William Jones walks down the streets of Oxford, navigating its shadows, crossing the boundaries of its inner and outer foreignness – the ones that mirror his relationship with his wife. Night is falling, it is the Nineteenth century, stars are falling in the sky, and at home his wife Eleanor is giving birth to Edgar. Edgar is smaller than expected, very healthy, with unnaturally aged skin and a line of hair down his back.
Elizabeth Garner‘s prose is light, taking much prosetic licence – the effect is charming, and very gripping. Within an illustrative, detailed (though incomplete) geography of Oxford, William Jones, porter at an unnamed college, looks at his son as a delightful miniature of himself. Eleanor wanted a girl, and got an “unnatural” boy instead. William is much older than his wife, and spends most of his waking hours in the darkness, at the college gates. Eleanor stays at home, watching over her son. Her only visible contact outside of that home is Mrs. Simm – practical, clear-sighted Mrs. Simm, who assisted at the birth, who gave Eleanor a job as a seamstress, who advises her to accept her son as he is.
While William dreams of the greatness his son will achieve, and Eleanor stitches and dreams of the life she wanted to escape to, Edgar runs literally wild through his home and garden. If Eleanor accepts that her boy is a rambunctious, William, brought up a foundling by the Oxford clergy, is alarmed. attempts at disciplining Edgar fail only in part to Edgar’s unmalleable incorrigibility – William’s process is didactic, incoherent; Edgar might be dyslexic. William’s growing disillusionment reflects in a waning expressed love for his only son.
Edgar has nothing with which to woo his father save his brilliance and his eagerness to please. Instead of acting out and breaking all his father’s stuff, Edgar goes out into the world and seeks employment. The idea of his son serving an apprenticeship with a blacksmith pleases William even less. William glowers through his nights, Eleanor sews in her private room full of light and colour, and Edgar leaves smoky prints wherever he goes – until he gains the attention of The Professor, who sees in Edgar the small, agile, smart, starved-for-love tool he needs to build his Museum to Biology and Evolution.
In time, William is displeased by this, too. Eleanor is stuck in the middle, playing peacekeeper, but William is not the sort of man who listens, and Edgar still very young. The entire novel is set up in terms of opposition and advancement – the Pagan, the Medieval, the Christian, the Rational, the Academic, and the Desiring all jostling for overlapping spaces within one small household amidst three small people. Oxford and the Jones household lay out the cartography of the human soul – itself liminal, changing, selectively steadfast, and not always in the right contexts.

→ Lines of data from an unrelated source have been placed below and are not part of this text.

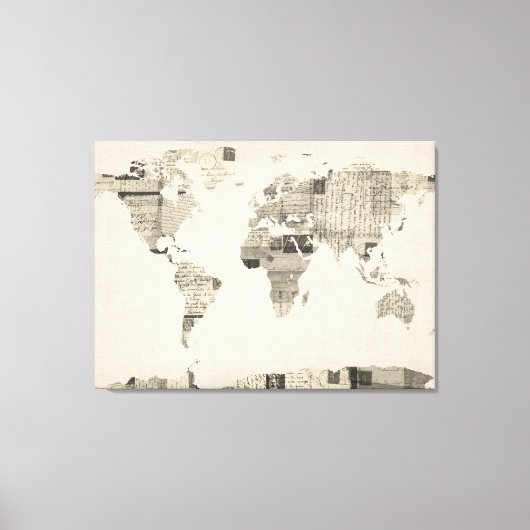 Kaart van de Wereldkaart van oude Briefkaarten Canvas Afdruk (Voorkant)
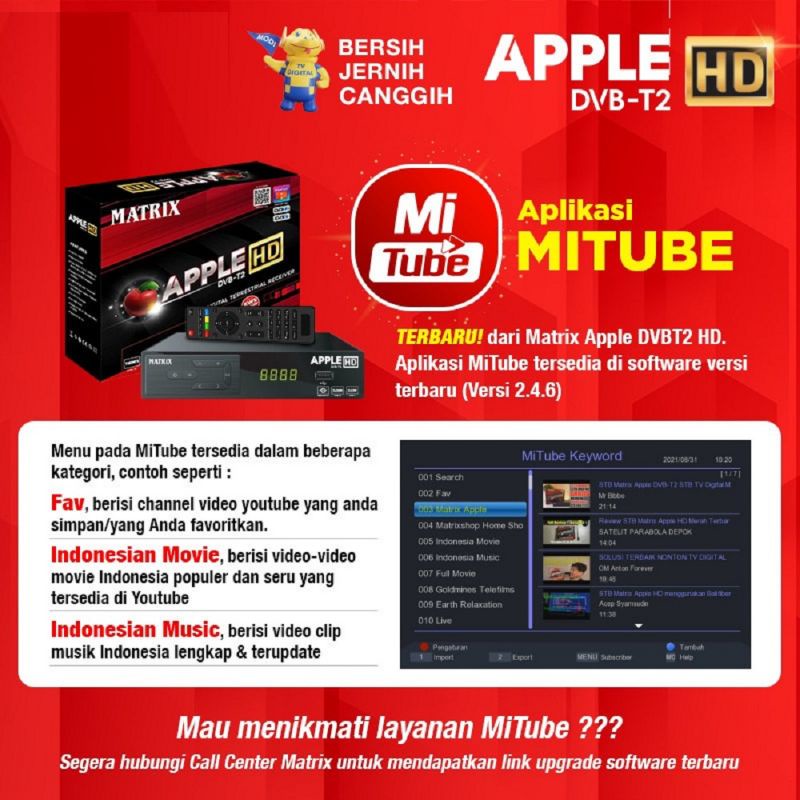 Receiver TV Set Top Box DVBT2 Matrix Apple -Bisa Youtube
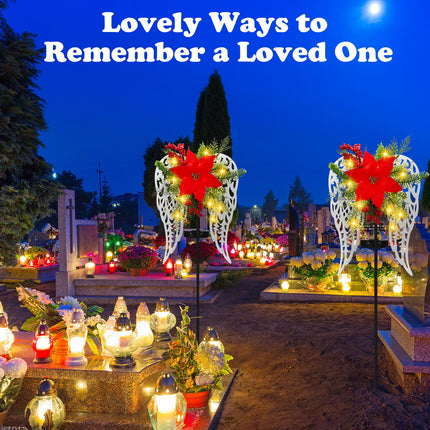 2 Pack Christmas Outdoor Decorations Solar Stake Lights, Led Angel Wings Metal Stakes with Big Poinsettia Flower, Grave Decorations Lighted Pathway Lights for Lawn Garden Cemetery Decorations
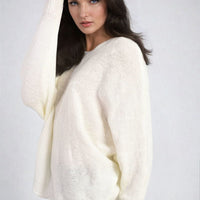 Knitted Jumper in Avocado Green with Patterned Back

Edgar has been ruined by the wrong kinds of mentors for years before he finds the perfect fit – unlike Goldilocks, he cannot truly appreciate his third and final helping, since he is so hung up on the first two, and how much he needs them to love him. Mr. Stephens the instrument maker is a lovely man, whose shop is somewhere in between the University and the Jones’ home. (Coincidentally next to Eleanor’s first home in a tavern.)
And then disaster strikes(!). Eleanor learns of the perfidy of mankind, William learns nothing at all, and Edgar loses the little freedoms he has. The novel careens to its inevitable dénouement, and at the closing the three Jones move their separate ways.

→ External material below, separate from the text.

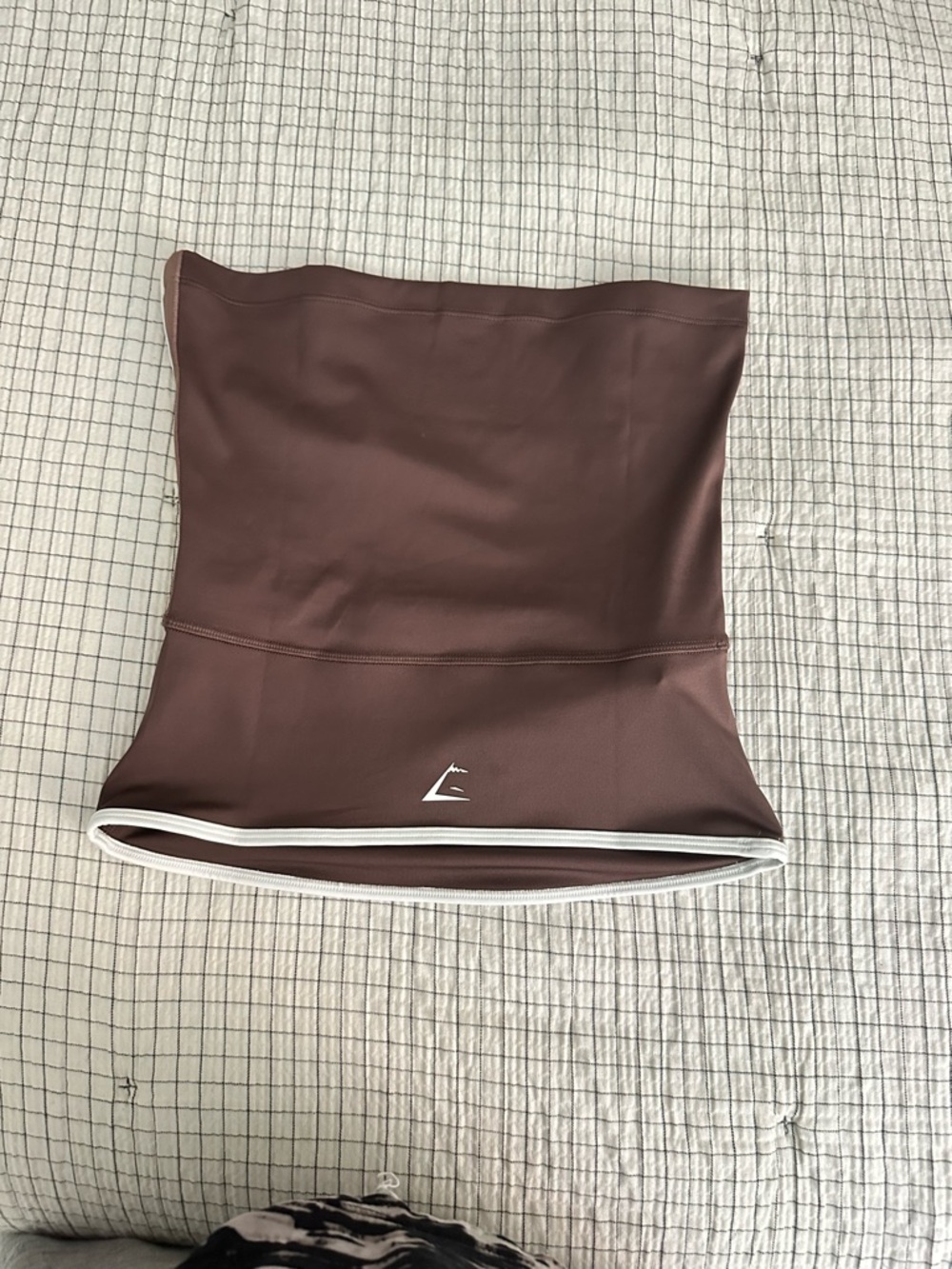 Gymshark piping bandeau with shell walnut brown/ chestnut pink Stripes size S - Picture 5 of 7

That’s not really a spoiler, so I’m leaving it in.
Garner’s prose, as I’ve mentioned, is light and gripping, and she has a knack for saying a great deal without beating the dead donkey over the subject. The novel is descriptive with that hint of enigmatic other-worldliness that we see hints off through out Oxford’s gargoyle-laden streets. What makes this novel less than ideal for me is the ending. Where William goes, well, that is perfect. It fits in neatly with all the facets of his personality, the concrete details of his life as he walks stonily through it. Eleanor and Edgar do not give us the same sort of closure. I would have appreciate a. a sequel or b. more chapters, telling me what the hell happens to them. The Ingenious Edgar Jones reads like incomplete but lovely novels (I’m looking at you, Heyer and Steinbeck!) – lovely, but incomplete. The reader is left hanging, while Eleanor and Edgar move away with no knowledge of each other to do – what? I found it completely unsatisfactory, worse still because I was hooked from the beginning.
You could read it as a way of allowing them their freedom, unfettered by our gazes (gaze, and entrapment within gaze, is a running subtext through the novel), but that still leaves me hanging. Eleanor and Edgar has a great deal of potential in terms of development and adventure(!!), and I’m basically left with them saying goodbye, this isn’t for you anymore.
All in all? The Ingenious Edgar Jones is a lovely, emotional novel about the boundaries of loyalty, and the damage that a trespass against loyalty can cause – no matter how much love there is to patch up the breaches. It has an ending that will leave you wanting more, with little likelihood that you will get it. It’s an exercise in humanity and frustration. I wouldn’t recommend it.